Mind you that this is even more true when you have very long days, such as more articulated interviews or conference commitments.
Commit physically: oxygen
Breathing, for me, is the next most important issue. You might find yourself in need of oxygen after a few slides and attempting to do the world record in apnoea while speaking in public. You could pass through an entire 20 minutes presentation incapable to breath properly, increasing your level of anxiety at each slide. You are in front of an audience, it could be two people at an interview, or a thousand people in a theatre, if not a million in TV. However, giving a good breath permitting your lungs to be completely emptied and filled with fresh air takes a few seconds. This can be easily concealed in a transition between two slides, or during a question. And… if you cannot conceal it… do it anyway, 5 seconds spent silently breathing properly will be immediately forgotten by your audience, but a poorly delivered 20 minutes talk will be remembered.
Once again, get ready for it. First of all reflect on your breathing habits, far away from a talk. If you give enough thoughts about the issue, whenever you will struggle, a mental trigger will snap and make you aware of the occurring issue for you to take action. More importantly, if issues in breathing are recurrent for you, just do exercises in the 5 minutes preceding your talk. Breath in deeply and breath out slowly. This will decrease your anxiety and will prepare your breathing for the talk. You can do it while seating in the audience or even while speaking with others.

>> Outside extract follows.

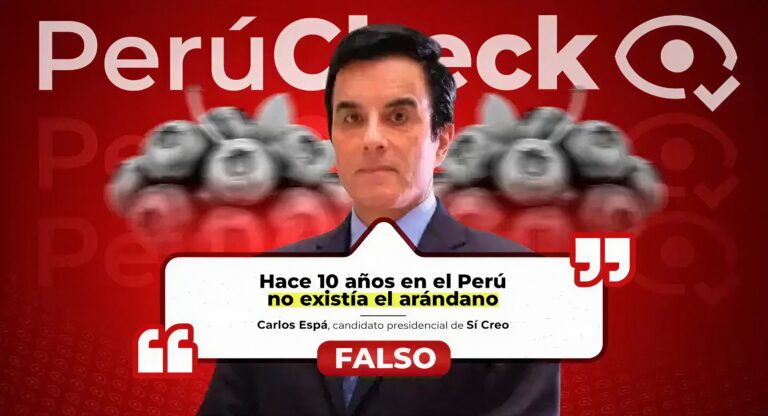 ¿Hace diez años no existían los arándanos? Es falso lo que dijo el candidato Carlos Espá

Commit physically: avoid distractions
Personally, I have a routine. Before a talk, I remove everything from my pockets, or even the badge, anything superfluous. After a few talks delivered with my pockets inside-out dangling from my trousers, I also double-check that I am generally presentable! So, on stage or seating in front of a panel, I have no distractions from the badge hitting the microphone, the phone vibrating, the keys stuck in my thigh. Well, the phone: switch it off well in advance of your talk and dump everything in you bag.
Commit mentally: have fun
Those were a few suggestions, and more or different tricks will work for you, to ensure your physical state will be ready to support the potential stress you might experience while speaking in public. Of course, your state of mind will play an equally important role. Perhaps, I should advise to not care, to convince yourself that the event you are preparing does not matter. This is probably key, more in general, to achieve the resilience necessary in the academic world. For me that does not work very well, as I tend to be heavily invested in everything I do. So, what it works for me is to repeat myself I need to have fun speaking about science, my work, or the work of others – otherwise is really not worth. A bit of self-couching targeted to focus your mood towards excitement, how great can be to speak or debate science.

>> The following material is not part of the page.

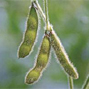 GM food safety assessment: tools for trainers
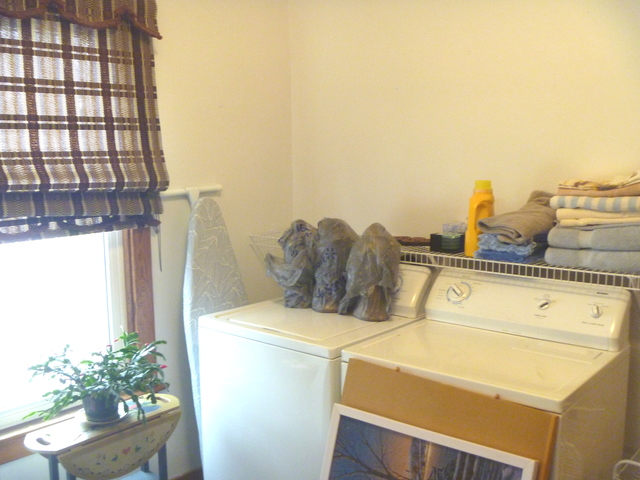 208 Elm St, Cedar Point, IL 61316 photo 6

I did receive my dose of criticisms in my career, but let me tell you which is one of the best compliment I ever got. Do you remember the talk I was freaking out during my PhD? Well, after my talk, which might not have been even an excellent one, I overheard the head of a department advising two junior PIs to speak with the energy and enthusiasm I was speaking with. I guess you should remind yourself of how exciting the work you do is and if you disagree with this, change job or lie to yourself for a couple of hours.
Commit mentally: focus
You would not run the athletics world final 100m, physically unprepared and with no excitement. You would also not run it thinking about random stuff or worrying not to win it. Watch athletes on their blocks, the intensity of their eyes, the deep focus they concentrate on the start gun and those few seconds after. Focusing might take a fraction of a second if you were a natural or simply experienced. Also, keep your focus during the talk, try to nurture that unconscious little voice that can warn you everytime you are going off-track.
The top right-hand corner syndrome (TRiHCS) is a risky issue in our business. TRiHCS happen when your mind wonders off, but you keep speaking. TRiHCS happen when you zone out and speak for 2 minutes about an irrelevant detail being fixated on a corner of a room, while you are not engaging with the audience and perhaps even with the main topic of the talk. If you get TRiHCSed, your timing and narrative will derail. But, do not worry, if you notice it in time, you can easily recover.

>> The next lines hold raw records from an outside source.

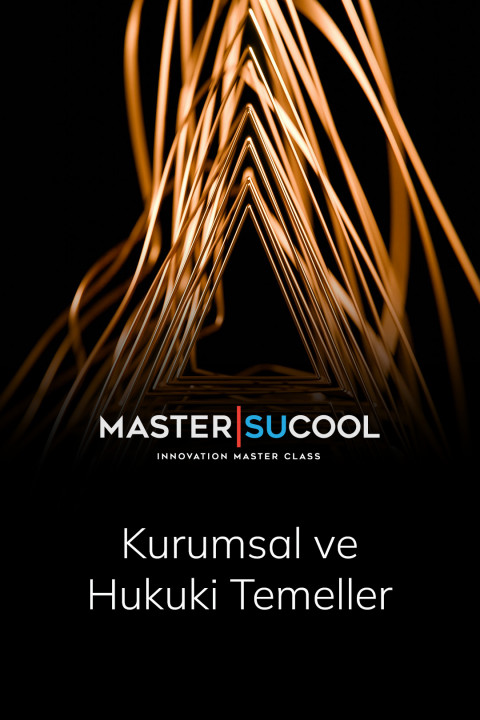 Kurumsal ve Hukuki Temeller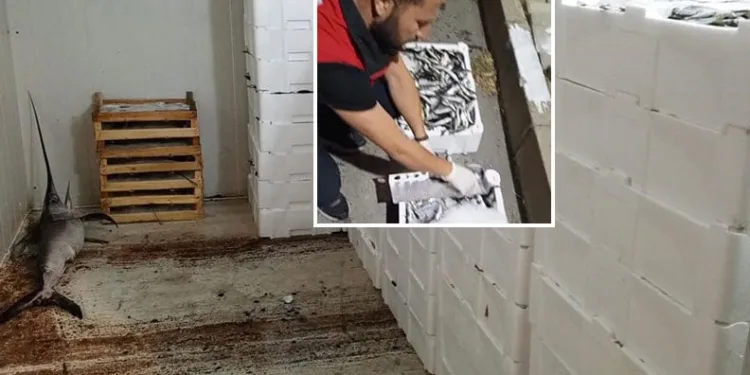 Bursa’da balık haline denetim: Kilolarca balığa el konuldu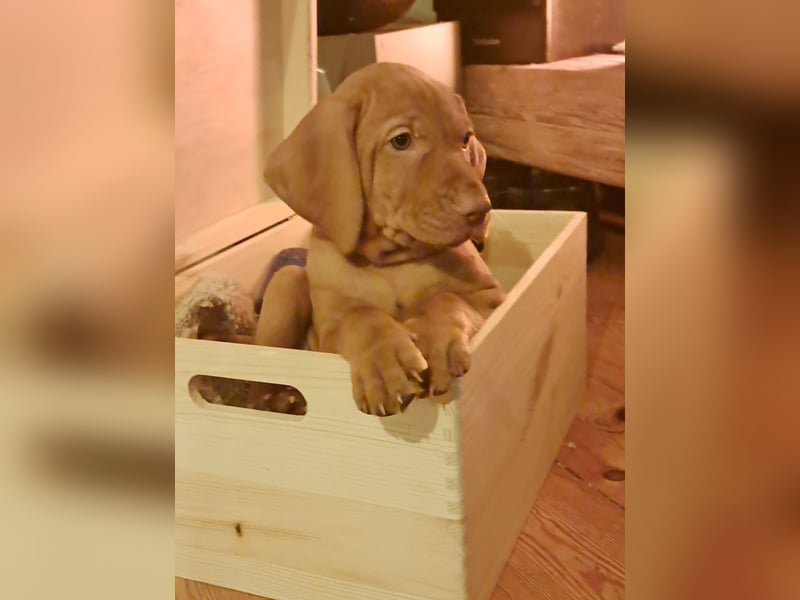 Magyar Vizsla Welpin Alva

OK, ok… TRiHCS? I just made this up, but I promise you, it is something that does happen!
Look after yourself…
Pay attention to yourself. It is easy to get anxiety compromise your health in the long term, or your performance in the short term. In an ideal world, you can sleep, eat, drink, meditate as a Yogi. In the real world, assaulted by too many things to do, it is likely you will experience periods of stress and long hours. However, you will have to know your limits and try to stay far from the edge and arrive to an event in good physical and mental conditions. Your institution and funders will offer you a provision of well-being courses, advice and activities. However, your institution and funders will implicitly ask you to neglect completely their own advice and deliver huge returns for them at any cost (for you). Like for any job, the day will come that you cannot run any longer over the edge. Then, manage anxiety, either it is just for public speaking, or for anything else… embrace it, as in ‘do not ignore it’, ‘do not fight it’ as it fights back, but manage it and if you can’t, ask for help.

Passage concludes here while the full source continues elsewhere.